La inminencia de las elecciones, los límites flagrantes que tendría un (por ahora muy virtual) “gobierno A” minoritario en el Parlamento, los riesgos de ingobernabilidad, despabilan a algunos de los dueños del capital, que no a todos.
Una anécdota se repite en quinchos políticos y empresarios. El cronista la escuchó primero referida como hecho real, con nombres y apellidos de los interlocutores. Después conoció otras versiones. Quizá sea auténtica, quizá sea un apólogo o una fábula. Tanto da. Su veracidad es menos interesante que su capacidad descriptiva. Ahí va. Un referente empresario habla con un integrante del elenco gubernamental y se sincera: “Está bien. Ustedes nos molestan, son agresivos, Guillermo Moreno provoca e invade sin necesidad... pero sus adversarios son mucho peores. Ya me resigné, los voy a votar. Eso sí, a quien no consigo convencer es a mi esposa”. “La patrona” del patrón, subraya el cronista, expresa la tozudez ideológica de la clase dominante, su “falsa conciencia”. La apodada “burguesía nacional”, al fin y al cabo, jamás llegó a ser ni una cosa ni la otra.

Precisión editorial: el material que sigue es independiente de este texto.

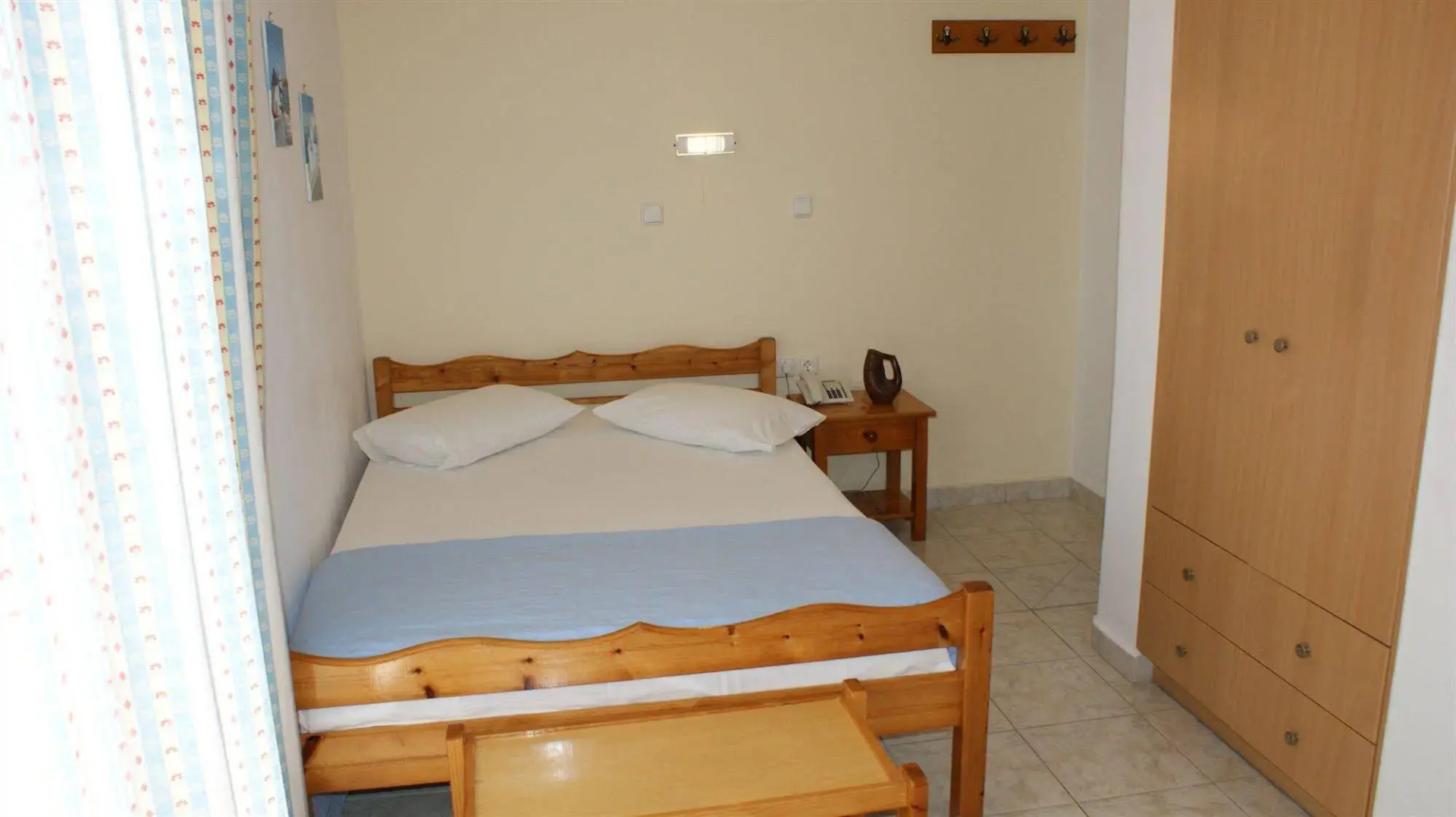 Foto - Hotel Zeus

Es regla hablar de crisis de representatividad política y poner en tela de juicio a los mandatarios o legisladores. Enhorabuena que así sea y que el electorado argentino sea severo a la hora de castigar y versátil para elegir a quienes los gobiernan.
Eso sí, debería ponerse más la lupa sobre otras dirigencias autóctonas, que dejan mucho que desear y que no están expuestas a la decisión ciudadana. Las patronales, las sindicales, la de los clubes de fútbol, la jerarquía de la Iglesia Católica, sin agotar la enumeración. Sus desempeños son cuestionables, entre frágil y nula su capacidad de ejercitar democracia interna.

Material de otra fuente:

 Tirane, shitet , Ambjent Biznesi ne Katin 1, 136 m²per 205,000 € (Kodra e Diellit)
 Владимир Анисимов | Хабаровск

Los líderes patronales, gente próspera y con pretensiones, son un ejemplo acabado. Su percepción es pobre de solemnidad, su capacidad profética nula. La expresión “responsabilidad social empresaria” es, en tendencia mayoritaria, un oxímoron.
Héctor Méndez es una buena muestra de las carencias de los burgueses que supimos conseguir. Es imposible recordar de ese hombre poderoso, que condujo a la UIA en una etapa próspera y dinámica, una frase inteligente o iluminadora pronunciada en público. Su mayor aporte fue decir que un proyecto reformista y constitucional de participación en las ganancias parangonaba a la Argentina con Cuba. Tamaño exabrupto no mellaría la institucionalidad pero sí ofendía a la inteligencia.